Além de compositor, Dany López é tecladista, arranjador e produtor requisitado em Montevidéu. Participou do disco de Daniel Drexler, já comentado aqui, e atuou ao lado de boa parte dos nomes da música popular uruguaia.
Polk integra esta cena contemporânea de Montevidéu com todos os ingredientes: canção, folclore, pop, rock. O jeito de cantar dele também é contido e próximo da fala como no standard da MPB. A palavra título é uma aglutinação de pop e folk. Vamos perceber os dois elementos ora muito juntos nas músicas do disco, ora mais distantes. Se não for ouvir faixa a faixa, comece pela balada Radar, e vá para Milonga del viento, com uma voz conhecida dos gaúchos, a do pelotense Vitor Ramil. Dá pra ter uma boa ideia da face eclética do trabalho.
Além de Ramil, Dany chamou para participar das gravações, o maranhense Zeca Baleiro, a espanhola Queyi e a argentina Mariana Baraj. Neste ano, haverá o lançamento da segunda etapa de Polk, desta vez um livro com impressões de artistas de diferentes países, como o porto-alegrense Cláudio Levitan e a uruguaia Ana Prada.
Diego Kuropa - Herencia
Kuropa está no terceiro álbum da carreira, o primeiro assinado solo. Em 2007, debutou com Y que dirán. Na capa, o nome Kuropa & Cia expressava uma formação ligada à ideia de banda, mas acústica. As faixas vinham com roupagem de violões de aço, baixo, bateria e percussões. No entanto, o destaque já era o conjunto letra e melodia.
No ano seguinte, gravou disco ao vivo ao lado do compositor veterano Rubén Olivera. A ênfase recaiu totalmente na canção, registrando-se performances de banquinho e violão.
O novo CD Herencia não se diferencia muito em estilo dos trabalhos anteriores, baseados na veia cancionista do uruguaio. Talvez agora os arranjos estejam indicando algo mais contemporâneo. A guitarra de Federico Mujica é a estrela. Mas com proposta minimalista e dinâmicas contidas, a voz clara e suave de Diego continua sempre acima dos instrumentos. O álbum tem coesão, ouve-se do início ao fim, sem decepções. Ainda assim, podemos destacar a roqueira primeira faixa, Dejá de ser un niño, a bela letra de Tengo, o arranjo com timbres e efeitos de guitarra bem colocados de La luz, e a que mais dá vontade de pedir num show pra cantar junto e pular: Soneto kistch a una mengana.

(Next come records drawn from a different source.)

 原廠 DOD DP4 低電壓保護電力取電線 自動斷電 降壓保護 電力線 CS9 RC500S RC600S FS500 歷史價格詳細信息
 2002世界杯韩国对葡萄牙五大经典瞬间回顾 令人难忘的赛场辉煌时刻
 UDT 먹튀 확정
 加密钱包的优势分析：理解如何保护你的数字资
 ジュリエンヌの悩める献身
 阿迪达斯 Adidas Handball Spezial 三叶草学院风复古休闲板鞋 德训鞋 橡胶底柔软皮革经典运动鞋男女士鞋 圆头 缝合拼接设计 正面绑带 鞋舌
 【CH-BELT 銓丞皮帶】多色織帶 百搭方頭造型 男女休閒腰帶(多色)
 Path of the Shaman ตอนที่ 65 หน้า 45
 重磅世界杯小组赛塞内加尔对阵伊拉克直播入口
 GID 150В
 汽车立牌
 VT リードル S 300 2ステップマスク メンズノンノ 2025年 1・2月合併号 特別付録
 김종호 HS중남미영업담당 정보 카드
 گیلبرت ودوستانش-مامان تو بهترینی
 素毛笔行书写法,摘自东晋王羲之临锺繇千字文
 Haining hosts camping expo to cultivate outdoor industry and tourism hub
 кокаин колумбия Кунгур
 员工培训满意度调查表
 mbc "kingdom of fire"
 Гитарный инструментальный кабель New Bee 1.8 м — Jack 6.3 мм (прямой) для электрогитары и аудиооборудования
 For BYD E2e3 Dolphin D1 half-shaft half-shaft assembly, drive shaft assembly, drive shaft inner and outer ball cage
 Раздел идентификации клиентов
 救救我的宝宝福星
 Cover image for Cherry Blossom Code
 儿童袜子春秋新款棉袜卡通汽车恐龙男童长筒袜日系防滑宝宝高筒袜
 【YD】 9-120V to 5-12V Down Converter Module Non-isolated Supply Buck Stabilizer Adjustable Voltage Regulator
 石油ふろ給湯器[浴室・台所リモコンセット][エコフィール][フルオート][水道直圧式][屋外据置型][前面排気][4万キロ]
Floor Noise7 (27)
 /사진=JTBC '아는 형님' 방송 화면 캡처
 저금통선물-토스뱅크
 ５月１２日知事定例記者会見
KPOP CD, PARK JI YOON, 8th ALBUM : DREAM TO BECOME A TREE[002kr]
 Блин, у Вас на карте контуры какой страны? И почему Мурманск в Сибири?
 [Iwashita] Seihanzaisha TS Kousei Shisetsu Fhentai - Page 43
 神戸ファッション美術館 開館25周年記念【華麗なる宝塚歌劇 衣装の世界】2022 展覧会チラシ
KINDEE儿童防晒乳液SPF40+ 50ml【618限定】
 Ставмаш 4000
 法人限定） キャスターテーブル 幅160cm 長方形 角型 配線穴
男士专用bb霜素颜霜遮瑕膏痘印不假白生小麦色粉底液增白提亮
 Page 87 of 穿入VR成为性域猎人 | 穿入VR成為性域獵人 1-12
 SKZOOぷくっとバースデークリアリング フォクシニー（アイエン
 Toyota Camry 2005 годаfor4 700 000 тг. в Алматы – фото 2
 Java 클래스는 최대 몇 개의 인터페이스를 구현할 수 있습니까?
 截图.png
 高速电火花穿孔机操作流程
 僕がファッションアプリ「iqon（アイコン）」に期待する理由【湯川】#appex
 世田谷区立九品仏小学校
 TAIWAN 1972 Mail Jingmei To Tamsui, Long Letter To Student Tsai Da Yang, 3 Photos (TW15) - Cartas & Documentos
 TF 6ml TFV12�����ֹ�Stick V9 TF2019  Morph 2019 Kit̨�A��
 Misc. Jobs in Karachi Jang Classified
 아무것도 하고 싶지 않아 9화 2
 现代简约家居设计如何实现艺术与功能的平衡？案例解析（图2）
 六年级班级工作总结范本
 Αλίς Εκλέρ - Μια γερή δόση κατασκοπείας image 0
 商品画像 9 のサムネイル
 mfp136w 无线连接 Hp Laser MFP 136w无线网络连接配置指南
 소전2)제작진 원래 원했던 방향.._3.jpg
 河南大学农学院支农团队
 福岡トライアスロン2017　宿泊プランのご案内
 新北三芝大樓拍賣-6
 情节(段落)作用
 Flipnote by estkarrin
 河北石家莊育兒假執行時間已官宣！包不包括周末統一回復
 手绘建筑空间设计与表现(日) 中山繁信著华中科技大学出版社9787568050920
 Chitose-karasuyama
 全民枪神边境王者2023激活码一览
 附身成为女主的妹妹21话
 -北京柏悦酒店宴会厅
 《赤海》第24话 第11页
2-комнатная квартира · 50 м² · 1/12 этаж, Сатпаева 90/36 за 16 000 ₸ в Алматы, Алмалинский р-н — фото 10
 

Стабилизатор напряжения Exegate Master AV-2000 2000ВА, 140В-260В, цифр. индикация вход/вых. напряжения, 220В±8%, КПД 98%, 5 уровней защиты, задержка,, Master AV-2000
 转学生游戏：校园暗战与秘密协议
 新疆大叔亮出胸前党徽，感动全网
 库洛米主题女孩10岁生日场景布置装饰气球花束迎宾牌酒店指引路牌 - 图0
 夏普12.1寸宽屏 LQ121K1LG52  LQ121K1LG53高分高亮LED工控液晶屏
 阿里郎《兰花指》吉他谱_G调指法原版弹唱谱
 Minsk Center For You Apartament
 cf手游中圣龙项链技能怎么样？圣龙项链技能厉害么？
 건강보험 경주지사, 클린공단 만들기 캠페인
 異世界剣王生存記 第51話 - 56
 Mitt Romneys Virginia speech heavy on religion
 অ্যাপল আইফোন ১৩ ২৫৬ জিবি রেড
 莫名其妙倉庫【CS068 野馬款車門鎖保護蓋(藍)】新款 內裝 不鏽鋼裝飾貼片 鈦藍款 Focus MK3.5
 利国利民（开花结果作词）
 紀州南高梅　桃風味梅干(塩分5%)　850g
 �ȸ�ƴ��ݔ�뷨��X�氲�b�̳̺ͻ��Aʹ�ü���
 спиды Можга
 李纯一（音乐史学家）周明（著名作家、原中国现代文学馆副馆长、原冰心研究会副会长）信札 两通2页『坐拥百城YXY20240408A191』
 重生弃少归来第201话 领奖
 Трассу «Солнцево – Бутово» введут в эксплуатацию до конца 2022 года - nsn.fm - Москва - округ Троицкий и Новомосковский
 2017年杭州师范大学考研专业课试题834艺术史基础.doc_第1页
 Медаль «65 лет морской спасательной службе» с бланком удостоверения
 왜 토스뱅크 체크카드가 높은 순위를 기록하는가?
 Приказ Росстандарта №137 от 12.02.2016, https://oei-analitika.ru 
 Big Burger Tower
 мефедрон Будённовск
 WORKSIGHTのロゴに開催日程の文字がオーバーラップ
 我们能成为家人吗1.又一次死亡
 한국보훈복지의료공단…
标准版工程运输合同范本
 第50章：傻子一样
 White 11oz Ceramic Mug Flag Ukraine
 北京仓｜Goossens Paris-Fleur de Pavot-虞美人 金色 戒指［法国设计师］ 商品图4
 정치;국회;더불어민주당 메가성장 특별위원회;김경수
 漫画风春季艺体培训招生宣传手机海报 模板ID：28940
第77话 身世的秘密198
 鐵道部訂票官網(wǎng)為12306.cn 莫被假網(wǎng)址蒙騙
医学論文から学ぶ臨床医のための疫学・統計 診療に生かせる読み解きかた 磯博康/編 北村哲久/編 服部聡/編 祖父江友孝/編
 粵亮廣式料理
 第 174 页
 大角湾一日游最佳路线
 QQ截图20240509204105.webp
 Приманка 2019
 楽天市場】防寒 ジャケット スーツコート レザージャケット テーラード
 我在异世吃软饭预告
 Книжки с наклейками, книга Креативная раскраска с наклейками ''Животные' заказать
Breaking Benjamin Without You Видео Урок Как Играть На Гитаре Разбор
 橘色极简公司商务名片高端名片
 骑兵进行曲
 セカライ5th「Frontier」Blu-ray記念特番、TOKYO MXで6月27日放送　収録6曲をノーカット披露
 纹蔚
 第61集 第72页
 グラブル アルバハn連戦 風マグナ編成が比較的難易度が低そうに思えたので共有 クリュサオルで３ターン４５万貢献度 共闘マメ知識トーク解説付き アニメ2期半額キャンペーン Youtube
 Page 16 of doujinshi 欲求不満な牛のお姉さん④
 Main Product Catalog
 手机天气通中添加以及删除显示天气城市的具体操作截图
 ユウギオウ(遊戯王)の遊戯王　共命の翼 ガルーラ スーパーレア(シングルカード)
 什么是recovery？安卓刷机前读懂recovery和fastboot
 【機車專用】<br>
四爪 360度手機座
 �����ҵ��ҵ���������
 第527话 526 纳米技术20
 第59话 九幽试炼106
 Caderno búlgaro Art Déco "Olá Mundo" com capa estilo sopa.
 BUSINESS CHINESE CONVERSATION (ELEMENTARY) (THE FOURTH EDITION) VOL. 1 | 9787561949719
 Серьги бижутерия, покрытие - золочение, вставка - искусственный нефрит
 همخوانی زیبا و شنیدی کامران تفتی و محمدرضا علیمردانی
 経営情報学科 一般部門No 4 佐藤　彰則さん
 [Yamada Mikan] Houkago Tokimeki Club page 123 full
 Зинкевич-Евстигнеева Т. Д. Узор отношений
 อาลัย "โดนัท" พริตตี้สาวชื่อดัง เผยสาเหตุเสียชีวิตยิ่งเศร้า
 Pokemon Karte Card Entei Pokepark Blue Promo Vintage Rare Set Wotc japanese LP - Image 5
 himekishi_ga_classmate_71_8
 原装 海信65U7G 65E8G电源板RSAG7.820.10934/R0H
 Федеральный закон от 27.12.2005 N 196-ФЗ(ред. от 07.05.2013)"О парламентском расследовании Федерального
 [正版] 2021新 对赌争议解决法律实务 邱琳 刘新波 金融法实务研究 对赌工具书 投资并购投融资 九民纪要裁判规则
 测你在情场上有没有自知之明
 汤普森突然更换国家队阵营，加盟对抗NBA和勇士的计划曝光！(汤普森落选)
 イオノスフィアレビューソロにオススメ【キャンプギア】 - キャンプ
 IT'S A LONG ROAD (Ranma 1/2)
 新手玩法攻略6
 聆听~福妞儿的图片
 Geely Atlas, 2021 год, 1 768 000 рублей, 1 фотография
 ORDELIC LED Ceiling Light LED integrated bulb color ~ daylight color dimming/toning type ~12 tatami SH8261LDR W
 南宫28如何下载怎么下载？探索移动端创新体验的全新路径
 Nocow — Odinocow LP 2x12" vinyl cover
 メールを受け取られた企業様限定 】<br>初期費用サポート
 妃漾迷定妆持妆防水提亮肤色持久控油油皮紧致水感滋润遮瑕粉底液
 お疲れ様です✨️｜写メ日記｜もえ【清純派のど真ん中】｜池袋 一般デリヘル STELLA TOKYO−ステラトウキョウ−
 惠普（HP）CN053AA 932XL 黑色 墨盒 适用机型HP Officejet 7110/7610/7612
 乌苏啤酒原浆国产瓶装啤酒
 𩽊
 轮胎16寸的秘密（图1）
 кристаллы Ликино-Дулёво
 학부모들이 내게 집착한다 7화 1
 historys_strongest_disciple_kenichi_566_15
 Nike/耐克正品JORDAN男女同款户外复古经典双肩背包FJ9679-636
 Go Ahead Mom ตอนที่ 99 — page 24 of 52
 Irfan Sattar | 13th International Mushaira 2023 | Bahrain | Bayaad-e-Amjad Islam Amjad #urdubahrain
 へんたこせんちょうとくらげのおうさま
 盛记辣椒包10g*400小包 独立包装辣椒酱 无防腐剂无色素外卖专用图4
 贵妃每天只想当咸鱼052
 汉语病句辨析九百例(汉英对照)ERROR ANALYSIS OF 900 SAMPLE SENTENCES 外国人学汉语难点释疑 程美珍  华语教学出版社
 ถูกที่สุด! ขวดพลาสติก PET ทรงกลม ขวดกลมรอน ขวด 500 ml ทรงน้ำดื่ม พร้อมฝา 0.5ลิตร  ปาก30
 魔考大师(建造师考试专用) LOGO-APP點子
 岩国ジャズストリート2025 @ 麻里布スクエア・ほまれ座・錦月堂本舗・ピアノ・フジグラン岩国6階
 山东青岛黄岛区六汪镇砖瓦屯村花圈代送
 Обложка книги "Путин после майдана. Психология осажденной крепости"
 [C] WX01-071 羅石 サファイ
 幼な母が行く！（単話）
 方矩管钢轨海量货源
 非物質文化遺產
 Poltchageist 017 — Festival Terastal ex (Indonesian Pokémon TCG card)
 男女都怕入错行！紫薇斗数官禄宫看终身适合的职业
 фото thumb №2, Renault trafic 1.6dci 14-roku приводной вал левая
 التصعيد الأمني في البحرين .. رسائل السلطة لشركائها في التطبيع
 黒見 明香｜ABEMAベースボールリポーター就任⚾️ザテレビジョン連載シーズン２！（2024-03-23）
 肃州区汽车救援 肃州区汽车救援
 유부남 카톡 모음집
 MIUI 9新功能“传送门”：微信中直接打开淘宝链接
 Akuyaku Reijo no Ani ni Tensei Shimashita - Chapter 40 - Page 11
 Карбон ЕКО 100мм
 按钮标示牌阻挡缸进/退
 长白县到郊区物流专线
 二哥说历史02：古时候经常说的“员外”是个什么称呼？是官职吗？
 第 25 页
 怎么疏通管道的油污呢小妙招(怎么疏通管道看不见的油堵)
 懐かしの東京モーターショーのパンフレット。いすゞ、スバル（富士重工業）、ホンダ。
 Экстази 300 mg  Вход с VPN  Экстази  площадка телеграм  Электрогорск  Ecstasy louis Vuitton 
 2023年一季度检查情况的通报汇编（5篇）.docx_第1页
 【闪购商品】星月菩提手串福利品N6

Kuropa não investe abertamente na intersecção estética com o Brasil, tal seus compatriotas citados fazem. Mas podemos captar na dicção do seu cantar e em outras sutilezas um investimento na canção que é diferente dos argentinos, por exemplo, que acabam tratando-a como balada de rock. A canção que os uruguaios criam hoje é pop, mas com um quê de Brasil. Só por esta familiaridade, o risco de gostar já é grande.